[Your objective]:
From the line containing "Calypso Organic Cotton" to the line containing "Backlight mechanical hand" in the entries below, reproduce every line exactly, ends included. Nothing else belongs in the copy, and no pictures.

[Records provided]:
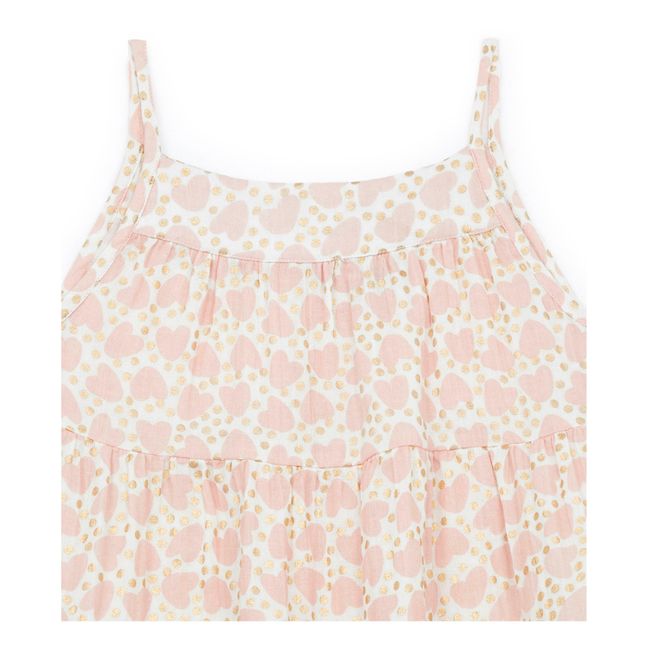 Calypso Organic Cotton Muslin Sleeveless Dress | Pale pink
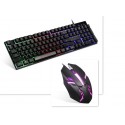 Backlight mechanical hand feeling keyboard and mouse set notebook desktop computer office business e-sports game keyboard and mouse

==

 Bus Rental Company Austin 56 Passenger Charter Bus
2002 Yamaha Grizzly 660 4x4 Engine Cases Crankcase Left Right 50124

--

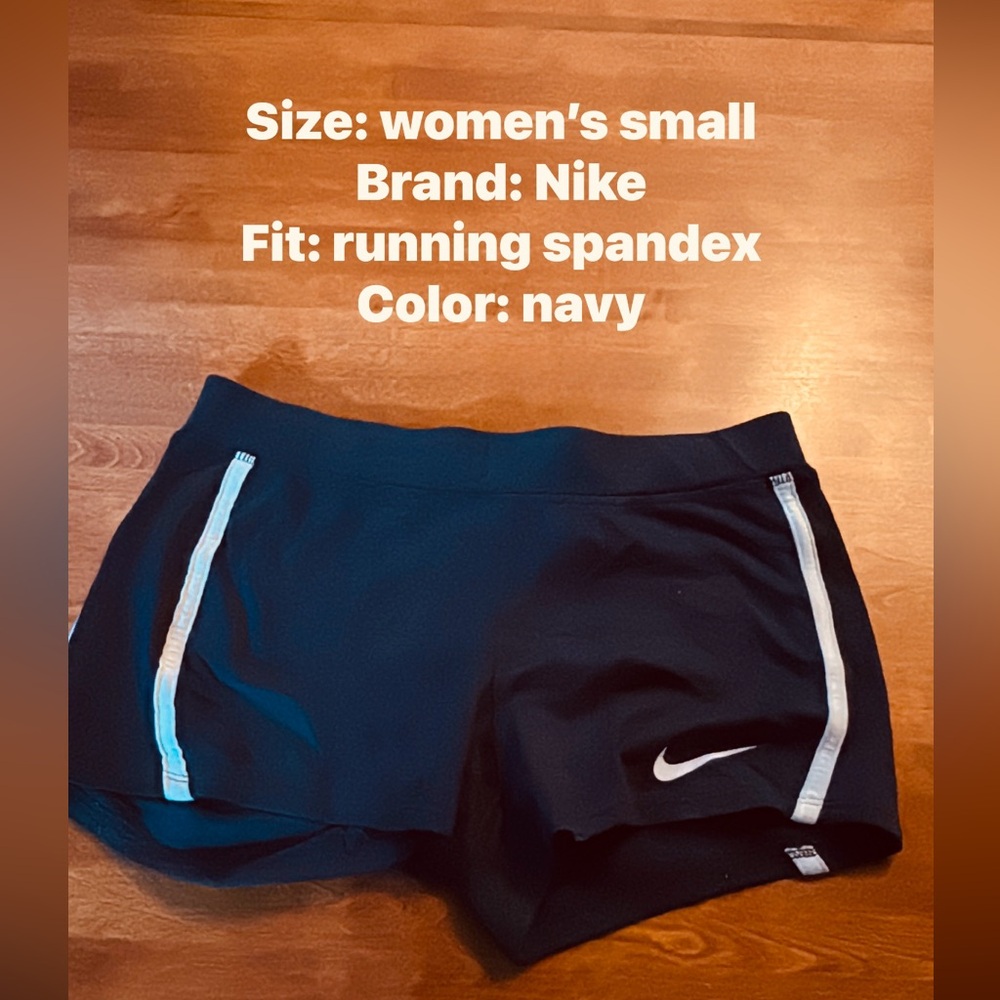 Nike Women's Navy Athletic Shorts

[Your solution]:
 Calypso Organic Cotton Muslin Sleeveless Dress | Pale pink
 Backlight mechanical hand feeling keyboard and mouse set notebook desktop computer office business e-sports game keyboard and mouse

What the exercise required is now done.